PROBLEM TO SOLVE: Return the stretch from the line with "Gogh Squirrely ~ Comfort Colors Premium Tee" through the line with "골드 UAE 겨울 사이클링" in the data below, character for character, skipping all pictures.

STUDY MATERIAL:
►
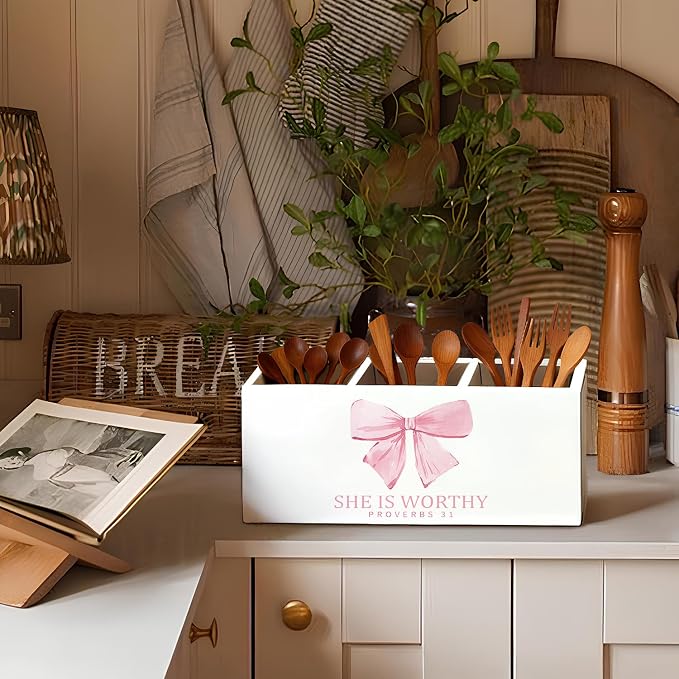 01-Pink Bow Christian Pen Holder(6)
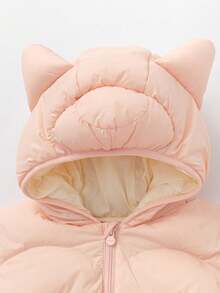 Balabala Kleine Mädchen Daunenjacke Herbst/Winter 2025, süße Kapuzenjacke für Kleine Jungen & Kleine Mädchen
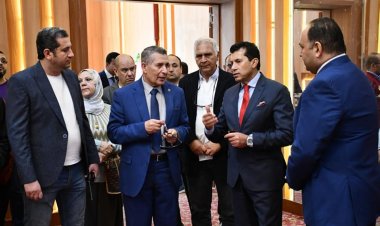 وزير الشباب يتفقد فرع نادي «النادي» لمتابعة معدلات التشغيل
◄
►
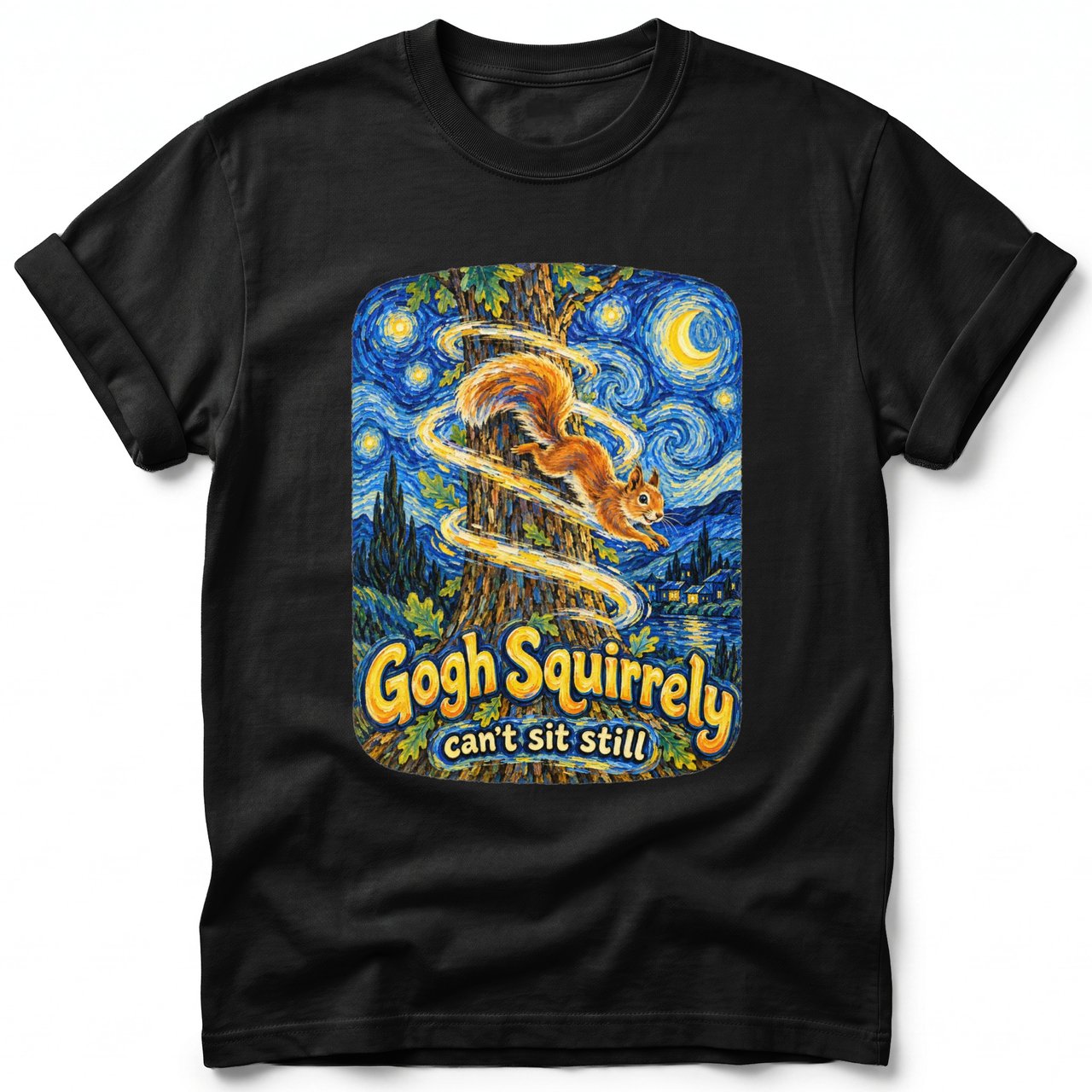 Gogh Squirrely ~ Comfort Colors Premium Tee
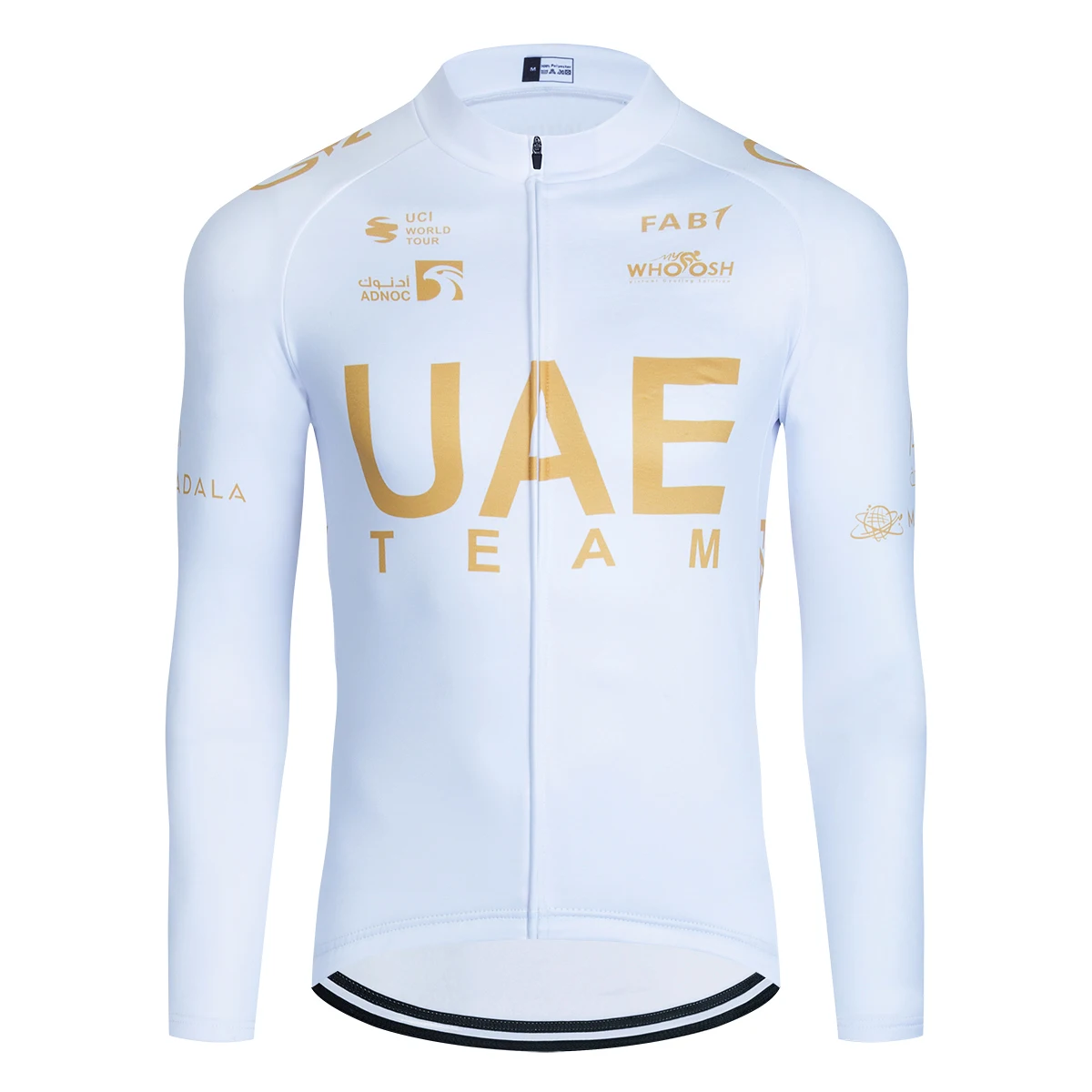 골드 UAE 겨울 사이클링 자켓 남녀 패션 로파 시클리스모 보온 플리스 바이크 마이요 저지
◄
RESPONSE TO THE EXERCISE:
 Gogh Squirrely ~ Comfort Colors Premium Tee
 골드 UAE 겨울 사이클링 자켓 남녀 패션 로파 시클리스모 보온 플리스 바이크 마이요 저지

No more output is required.